Deliberate indifference requires a showing that "prison officials were aware of a "substantial risk of serious harm" to an inmates health or safety and that there was no "reasonable justification for the deprivation, in spite of that risk." Id. (quoting Farmer v. Brennan, 511 U.S. 825, 837, 844 (1994)). Officials may be aware of the risk because it is obvious. Thomas, 611 F.3d at 1152.

Although Plaintiff's allegation that he was beaten and raped is "sufficiently serious," the claim that he continually asked to be moved to a different cell is insufficient to show that any named Defendant was aware of a risk of harm. Thomas, 611 F.3d at 1150. Plaintiff did not mention to any Defendant the reason that he was requesting a cell reassignment Although Plaintiff alleges that he was beaten daily and that some unknown officers shined a light in the cell while he was being abused, there is nothing to indicate that any of the named Defendants were aware of the conduct. Also, Plaintiff does not allege that he spoke with Defendants, other than Defendant Morrison, about his need to be moved to a different cell. Therefore Plaintiff has failed to state a cognizable claim.

Plaintiff may not pursue any claims for equitable relief for violations of the consent decree, such claims must be pursued through the consent decree or class counsel. Frost v. Symington, 197 F.3d 348, 358-59 (9th Cir. 1999); Crayton v. Terhune, No. C 98-4386 CRB(PR), 2002 WL 31093590, *4 (N.D. Cal. Sept. 17, 2002). Although Plaintiff may be able to pursue a damages claim under section 1983, Hiser v. Franklin, 94 F.3d 1287, 1291 (9th Cir. 1996), the conclusory allegations set forth in Plaintiff's complaint do not support such a claim for a damages claim under section 1983. Nor does the statement that Defendant Adams "knew or should have known" link Defendant Adams to knowledge of any risk of harm to Plaintiff or an act or failure to act in response. Iqbal, 129 S. Ct. at 1948.

IV. Conclusion and Order

For the reasons stated, Plaintiff's complaint does not state a cognizable claim for relief for a violation of his constitutional rights. Plaintiff is granted one final opportunity to file an amended complaint within thirty days in compliance with this order and the order issued on December 29, 2009. Noll v. Carlson, 809 F.2d 1446, 1448-49 (9th Cir. 1987). Plaintiff may not change the nature of this suit by adding new, unrelated claims in his amended complaint. George v.
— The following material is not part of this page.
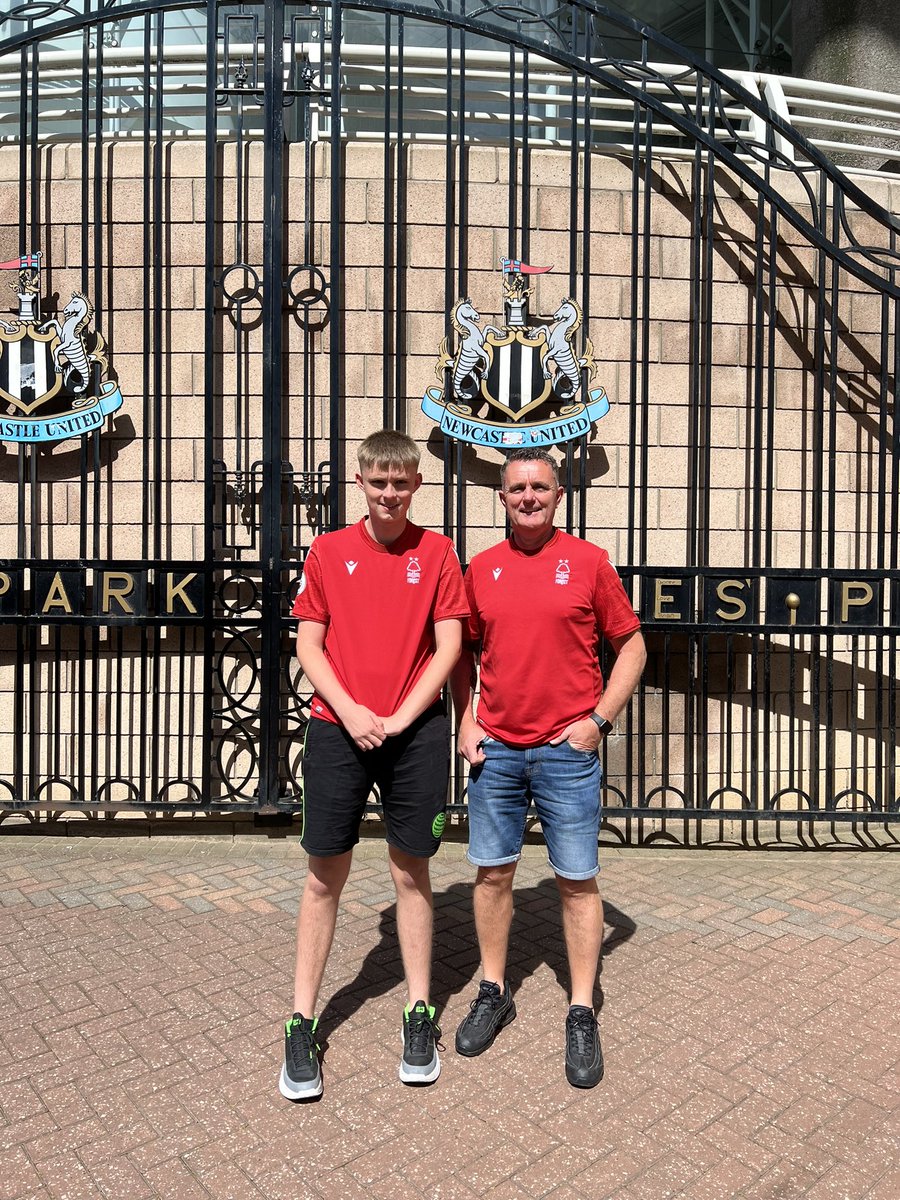A MASSIVE HAPPY 16TH BIRTHDAY TO <a href="/Priory_Celtic/">Priory Celtic</a> sat u16s captain and massive <a href="/NFFC/">Nottingham Forest</a> fan <a href="/Charlie73084688/">Charlienffc07</a> have a great day son.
Smith, 507 F.3d 605, 607 (7th Cir. 2007) (no "buckshot" complaints).

Plaintiff's amended complaint should be brief, Fed. R. Civ. P. 8(a), but must state what each named defendant did that led to the deprivation of Plaintiff's constitutional or other federal rights, Iqbal, 129 S. Ct. at 1948-49. "The inquiry into causation must be individualized and focus on the duties and responsibilities of each individual defendant whose acts or omissions are alleged to have caused a constitutional deprivation." Leer v. Murphy, 844 F.2d 628, 633 (9th Cir. 1988). Although accepted as true, the "[f]actual allegations must be [sufficient] to raise a right to relief above the speculative level . . . ." Twombly, 550 U.S. at 555 (citations omitted).

Finally, an amended complaint supercedes the original complaint, Forsyth v. Humana, Inc., 114 F.3d 1467, 1474 (9th Cir. 1997); King v. Atiyeh, 814 F.2d 565, 567 (9th Cir. 1987), and must be "complete in itself without reference to the prior or superceded pleading," Local Rule 220. "All causes of action alleged in an original complaint which are not alleged in an amended complaint are waived." King, 814 F.2d at 567 (citing to London v. Coopers & Lybrand, 644 F.2d 811, 814 (9th Cir. 1981)); accord Forsyth, 114 F.3d at 1474.

Based on the foregoing, it is HEREBY ORDERED that:

1. The Clerk's Office shall send Plaintiff a civil rights complaint form;

2. Plaintiff's complaint, filed April 9, 2010, is dismissed for failure to state a claim upon which relief may be granted under section 1983;

3. Within thirty (30) days from the date of service of this order, Plaintiff shall file an amended complaint; and

4. If Plaintiff fails to file an amended complaint in compliance with this order, this action will be dismissed, with prejudice, for failure to state a claim.